Tonga’s food reserves may not be sufficient. In tears, the President of the National Assembly, Fatafehi ​​Fakafanua, affirmed that “all agriculture is ruined”. “It’s very sad to hear, so in addition to the water we need in Tonga, it looks like we’re going to face a food shortage”he told the Pacific Media Network.

Since planes can land again, many nations have offered to help. Japan has announced the dispatch of two C-130 aircraft. Other countries, including China and France, have also announced their assistance.

Internet out of order for a month

This eruption caused a huge pressure wave that swept across the planet, traveling at a supersonic speed of around 1,231 kilometers per hour, according to New Zealand’s National Institute for Water and Atmospheric Research.

It will take at least four weeks for the Internet connection to be restored by the American cable company SubCom.

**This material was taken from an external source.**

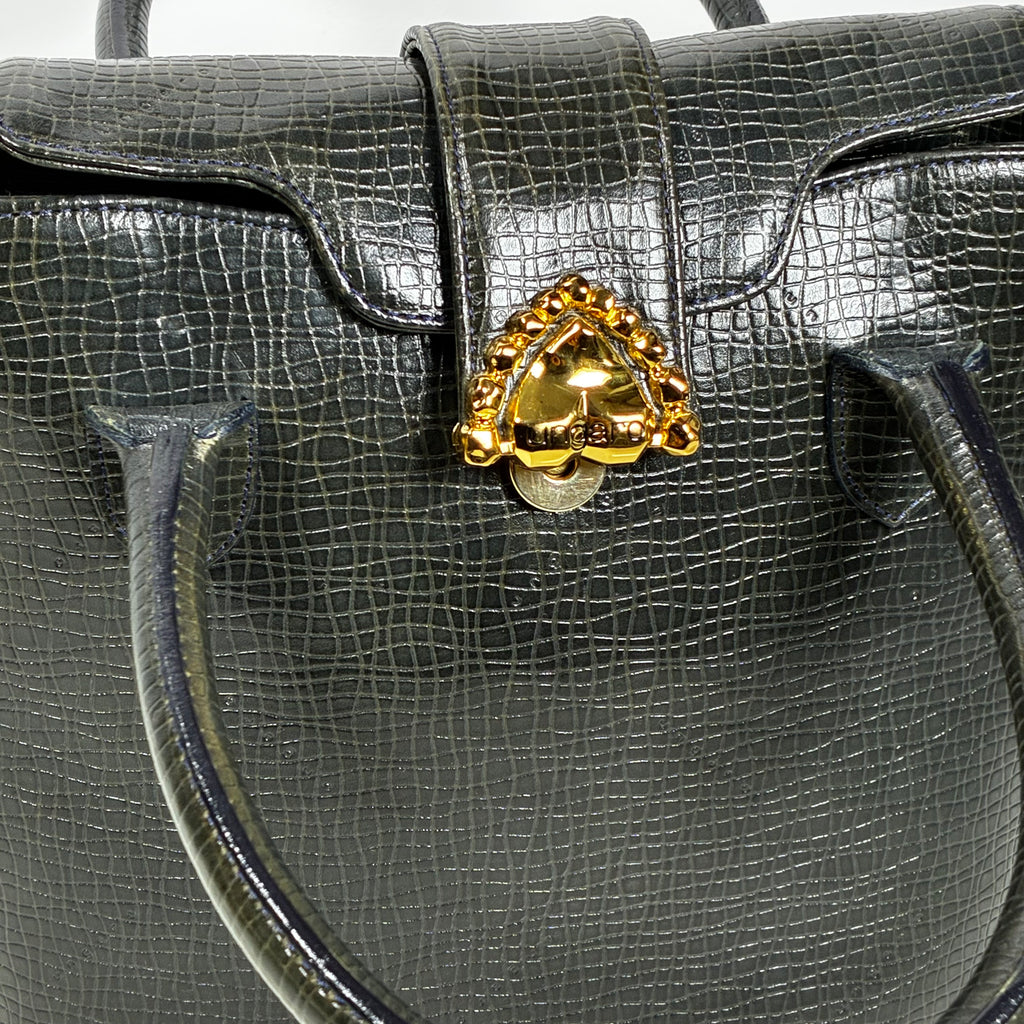 Ungaro Paris black lizard-effect grained leather bucket bag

The latter explained that the cable seems to be cut in two places: a first 37 kilometers offshore and a second near the volcano, which makes repairs difficult. Telephone communications were being restored on Wednesday.

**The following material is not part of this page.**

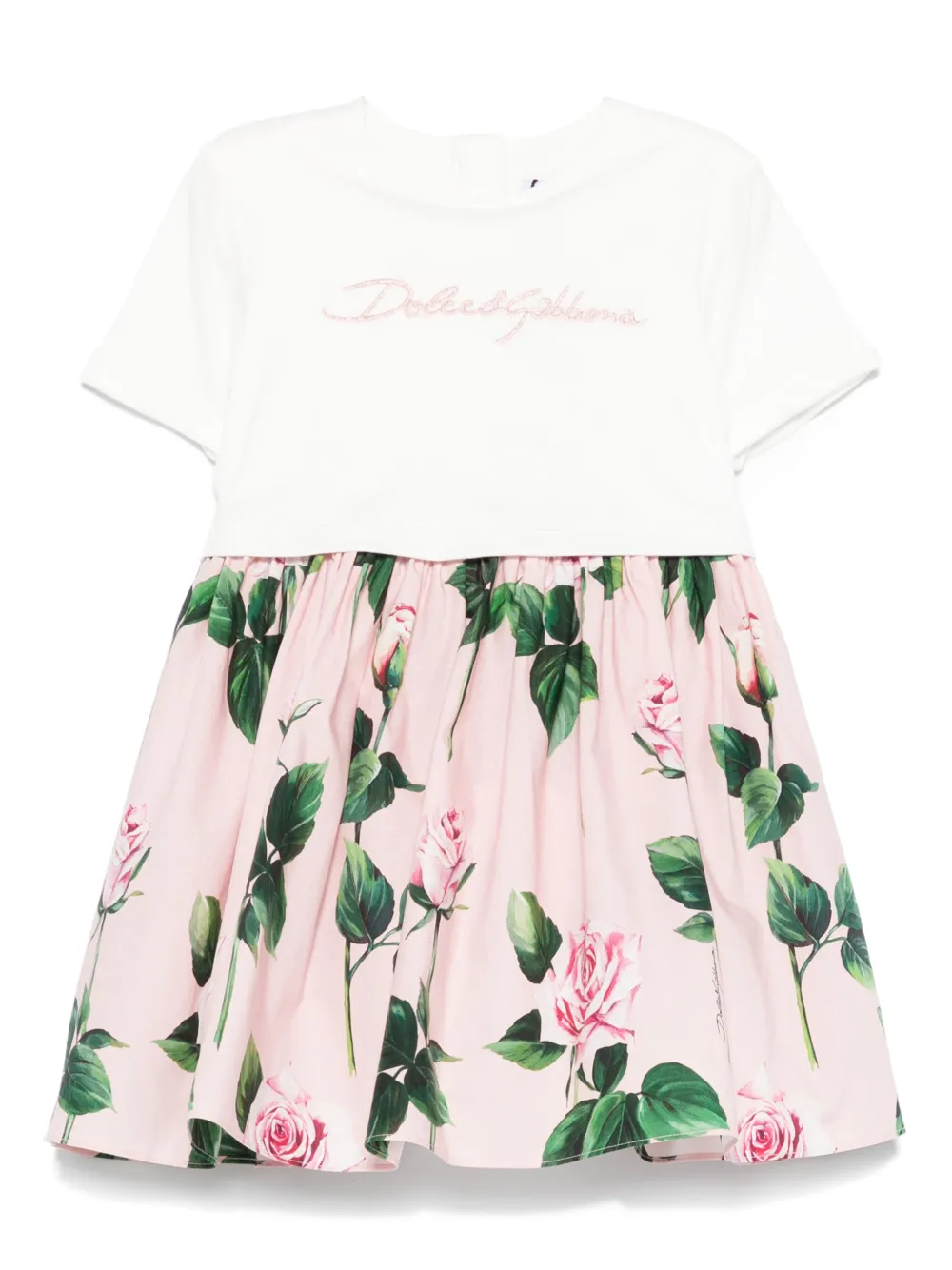 

Платье с вышитым логотипом Dolce & Gabbana Kids, розовый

Read also Article reserved for our subscribers The Tonga islands still cut off from the world, three days after the volcanic eruption

The Red Cross reached its team in Tonga by satellite phone on Wednesday for the first time since the disaster. The organization sent an emergency team to the badly affected islands of Mango, Fonoifua and Namuka. The village on Mango Island, where an emergency beacon was triggered earlier this week, was completely destroyed. In several others, only a few houses are still standing.